Quando ocorreu a transição da profissão de escritores para criadores de conteúdo? Será que, por eu ter iniciado a carreira há pouco menos de cinco anos, romantizo como era a profissão no passado? Na busca desenfreada para recuperar o tempo perdido, estudei intensivamente o mercado do livro, o qual não entendia nada sobre coisa alguma. Comecei do zero, com a ingênua ideia de que ser autor significava isolar-se temporariamente do mundo, lançar uma obra e, uma vez publicada, bastava contar com a ajuda dos amigos e familiares para disseminar a novidade. Descobri a trancos e barrancos que a realidade é bem mais complexa.

Sou uma autora independente, e talvez as inúmeras dificuldades enfrentadas tenham contribuído para o meu aprendizado. Poderia detalhar tudo o que fiz de errado, o que precisei refazer, as enrascadas, os conselhos ruins aos quais dei ouvidos, porém, focarei naquilo que mais me atormenta até hoje: a escravização das redes sociais.

Eu quero escrever um novo livro, mas como posso me preparar para isso se preciso analisar qual é a nova tendência da internet e adaptá-la para a minha área de atuação? Eu quero aprimorar minha escrita, mas como consigo estudar se preciso elaborar posts atrativo para entregar conteúdos bacanas e, quem sabe, converter seguidores a leitores? Eu quero ler mais e mais, mas com que tempo, se o que tenho disponível preciso editar vídeos curtos, pois esses dão mais visibilidade na internet?

“Você não larga esse celular!”, é o que escuto em casa, principalmente do meu filho que, vejam só, é um adolescente. Acredite, meu maior desejo é largá-lo, e estou certa de que não estou sozinha neste barco, nem mesmo se trata de uma vontade exclusiva de escritores. Vejo inúmeros outros profissionais, de diferentes áreas sofrendo igualmente.

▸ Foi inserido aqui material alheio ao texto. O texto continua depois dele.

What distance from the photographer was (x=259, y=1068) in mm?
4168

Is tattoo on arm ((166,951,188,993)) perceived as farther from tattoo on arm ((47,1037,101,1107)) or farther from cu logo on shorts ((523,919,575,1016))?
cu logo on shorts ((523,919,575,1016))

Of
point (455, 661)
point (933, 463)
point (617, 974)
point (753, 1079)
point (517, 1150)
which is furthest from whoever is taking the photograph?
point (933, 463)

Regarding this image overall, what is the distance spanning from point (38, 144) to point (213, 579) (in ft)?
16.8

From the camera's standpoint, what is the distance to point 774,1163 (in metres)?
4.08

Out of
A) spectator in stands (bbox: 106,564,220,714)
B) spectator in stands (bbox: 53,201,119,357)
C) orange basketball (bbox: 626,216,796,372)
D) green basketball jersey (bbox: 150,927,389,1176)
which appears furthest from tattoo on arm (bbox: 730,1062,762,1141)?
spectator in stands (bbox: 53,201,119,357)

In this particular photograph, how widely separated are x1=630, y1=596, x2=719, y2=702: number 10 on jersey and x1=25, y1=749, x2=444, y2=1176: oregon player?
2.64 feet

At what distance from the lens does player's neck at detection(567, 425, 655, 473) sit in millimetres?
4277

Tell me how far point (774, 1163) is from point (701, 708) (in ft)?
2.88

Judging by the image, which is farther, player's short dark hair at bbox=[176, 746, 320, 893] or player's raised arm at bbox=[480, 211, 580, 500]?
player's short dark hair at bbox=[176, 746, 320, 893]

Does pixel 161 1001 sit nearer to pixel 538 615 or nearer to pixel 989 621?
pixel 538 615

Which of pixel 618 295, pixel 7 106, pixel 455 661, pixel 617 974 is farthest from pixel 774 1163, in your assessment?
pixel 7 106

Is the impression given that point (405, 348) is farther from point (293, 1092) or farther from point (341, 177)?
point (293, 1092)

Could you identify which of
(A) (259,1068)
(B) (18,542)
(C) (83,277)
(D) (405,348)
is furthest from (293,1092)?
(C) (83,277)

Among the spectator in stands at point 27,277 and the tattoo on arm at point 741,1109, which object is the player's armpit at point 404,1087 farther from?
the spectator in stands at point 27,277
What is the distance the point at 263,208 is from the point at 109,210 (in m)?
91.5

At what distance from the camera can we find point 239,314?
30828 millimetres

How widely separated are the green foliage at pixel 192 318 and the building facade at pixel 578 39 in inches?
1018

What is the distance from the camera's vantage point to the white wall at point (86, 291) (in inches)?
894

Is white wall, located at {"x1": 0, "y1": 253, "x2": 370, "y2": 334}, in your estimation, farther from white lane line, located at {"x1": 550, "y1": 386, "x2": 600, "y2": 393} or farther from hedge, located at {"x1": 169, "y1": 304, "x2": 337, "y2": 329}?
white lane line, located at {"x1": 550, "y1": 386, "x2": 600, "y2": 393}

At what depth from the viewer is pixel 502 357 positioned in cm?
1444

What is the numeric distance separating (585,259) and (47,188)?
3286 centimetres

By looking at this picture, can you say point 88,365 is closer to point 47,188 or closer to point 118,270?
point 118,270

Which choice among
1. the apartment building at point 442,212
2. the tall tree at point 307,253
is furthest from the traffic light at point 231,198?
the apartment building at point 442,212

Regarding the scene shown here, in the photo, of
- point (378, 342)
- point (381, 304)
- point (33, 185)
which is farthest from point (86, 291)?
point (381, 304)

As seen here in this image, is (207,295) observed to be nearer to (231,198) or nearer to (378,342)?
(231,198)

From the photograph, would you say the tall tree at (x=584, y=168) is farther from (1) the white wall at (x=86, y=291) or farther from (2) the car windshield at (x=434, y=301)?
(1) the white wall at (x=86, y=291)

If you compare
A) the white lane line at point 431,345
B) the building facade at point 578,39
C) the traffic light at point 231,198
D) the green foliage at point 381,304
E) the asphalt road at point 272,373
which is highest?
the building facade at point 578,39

Há pouco tempo me rebelei; contudo, foi um movimento calculado. Minha vontade real era desinstalar de uma vez por todas o aplicativo da rede social que mais me consome. No entanto, sei das consequências, então, apenas eliminei o atalho do acesso rápido, ao primeiro toque. Desabilitei as notificações de novas mensagens porque conheço os riscos que uma rápida olhadinha pode gerar, conduzindo-me ao limbo dos vídeos curtos, que engolem as horas do meu dia.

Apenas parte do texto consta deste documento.